Former CFO of Dental Care Alliance in Osprey named to county’s Public Facilities Financing Advisory Board

One seat remains open after appointment of David Nichols

David P. Nichols. Image from the Dental Care Alliance Facebook page

Sarasota County’s Public Facilities Financing Advisory Board (PFFAB) has a new member, courtesy of a unanimous County Commission vote on Nov. 5.

David Nichols of Osprey, a director of the Dental Care Alliance LLC, will join seven other members of the PFFAB, including former County Administrator Jim Ley and past Planning Commission Chair Roland Piccone.

Additionally on Nov. 5, the commission appointed Nichols to a three-year term on the county’s Health Facilities Authority & Industrial Development Revenue Bond Citizens Advisory Committee. That group provides “recommendations to the County Commission with regard to the financing of health facilities, health care facilities and other eligible projects with industrial development revenue bonds,” its county webpage says.

Both the appointments were included on the commission’s Nov. 5 Consent Agenda of routine business matters. No one offered a comment on them before Commissioner Alan Maio made a motion to approve the balance of the Consent Agenda, and Commissioner Nancy Detert seconded the motion. (Two items were pulled from that agenda for additional attention.)

The PFFAB makes recommendations to the County Commission on impact fees, other funding sources and fiscal impacts of levels of service, its webpage explains. The advisory board has to have three members who represent public facilities and/or financial professionals; three who represent civic organizations; and three who represent development, building and construction, the webpage notes.

A staff memo provided to the commission in advance of the Nov. 5 meeting said that Nichols had applied to fill an unexpired term on the PFFAB as a civic organization representative, effective through January 2020. In the memo, staff asked that the County Commission approve Nichols’ keeping that seat for an additional three years, through January 2023.

The seat became open with the resignation of Adam Davis in January 2018, the memo pointed out.

One other seat remains vacant following Nichols’ appointment, the memo said.

The vacancies were advertised on the county website, the memo continued. Nichols was the only person to apply, according to another document included in the board packet for the Nov. 5 meeting.
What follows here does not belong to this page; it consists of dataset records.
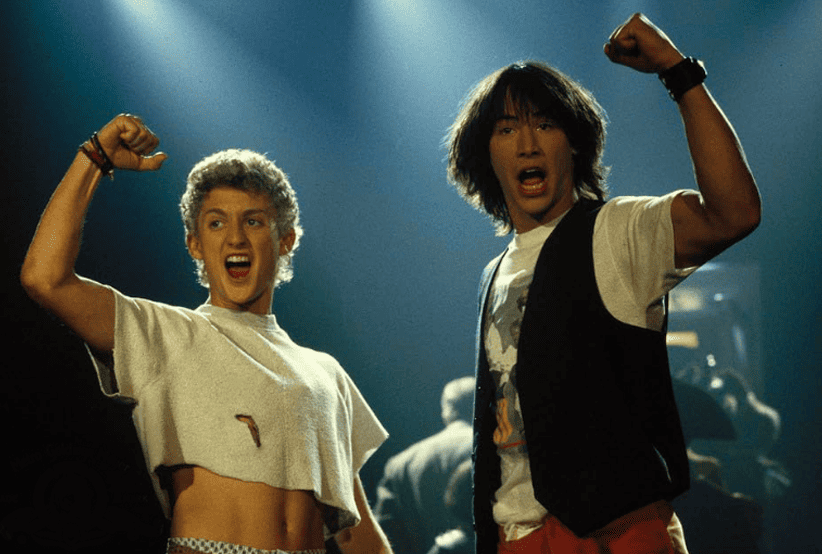Keanu Reeves como Ted Logan no Filme: Bill & Ted – Uma Aventura Fantástica (1989).Um dos personagens mais famosos dos anos 80.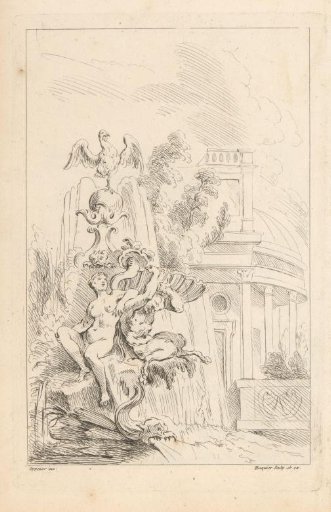 Design for an ornamental fountain with a nymph and a satyr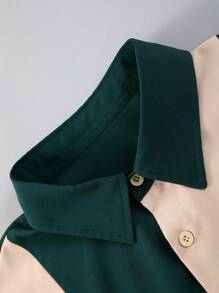 2 件男士轻便休闲装 - 拼色条纹短袖单排扣衬衫和纯色长裤，适合通勤和休闲穿着，舒适装扮 - 綠色 - 查看 5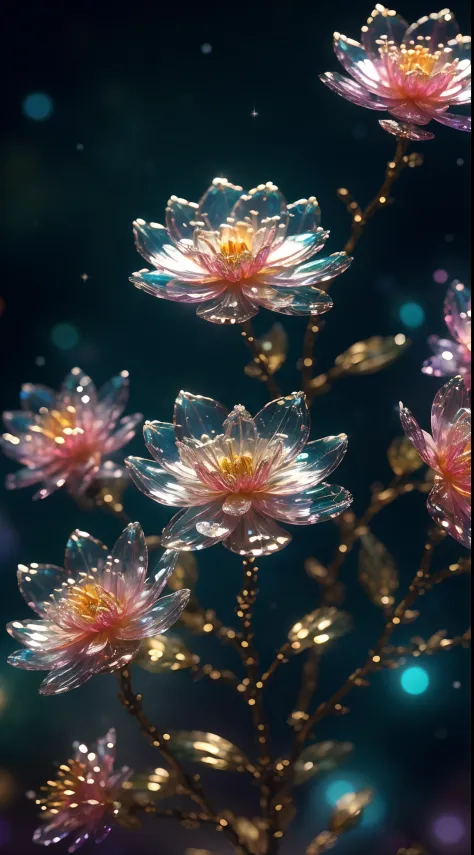 crystal spring blossom,
fantasy, galaxy, transparent, 
shimmering, sparkling, splendid, colorful, 
magical photography, dramatic...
In his application, Nichols wrote that he wanted to serve on the PFFAB because, “[a]s a multi-decade Sarasota County resident with a Finance background, thought I could bring some experience to an area of interest.”

Having earned a master’s degree in accounting, Nichols wrote, he was chief financial officer (CFO) of Florida Life Care — a company that owns retirement centers — from 1986 to 1994. He became chief financial officer of Dental Care Alliance in 1997 and left that post in 2017, he added. The firm operates dental practices and handles real estate in Sarasota and other parts of the country, Nichols noted in the application.

In 2014, the Tampa Bay Business Journal named Nichols CFO of the Year, the Dental Care Alliance’s Facebook page points out.

Nichols also wrote that he had been a certified public accountant, but he no longer kept those credentials current.

These are the PFFAB attendance worksheets included in the Nov. 5 agenda packet. Image courtesy Sarasota County

The Nov. 5 meeting packet included an attendance worksheet for the other PFFAB members over the past two years. Five of the eight had perfect attendance in 2018, though one person — Jessica Bellman — was not present for either of the two meetings the board conducted that year.

Bellman was director of strategic development for DeAngelis Diamond Construction from December 2016 through December 2017, her LinkedIn profile said. She no longer was listed as a PFFAB member at the start of this year.

Four of the seven PFFAB members attended both meetings held thus far this year, the worksheet showed.

The agenda for the most recent PFFAB meeting — held on Aug. 14 — included discussion of the two vacant seats at that time; scheduling of the PFFAB’s annual report to the County Commission; and a discussion about transportation revenue sources.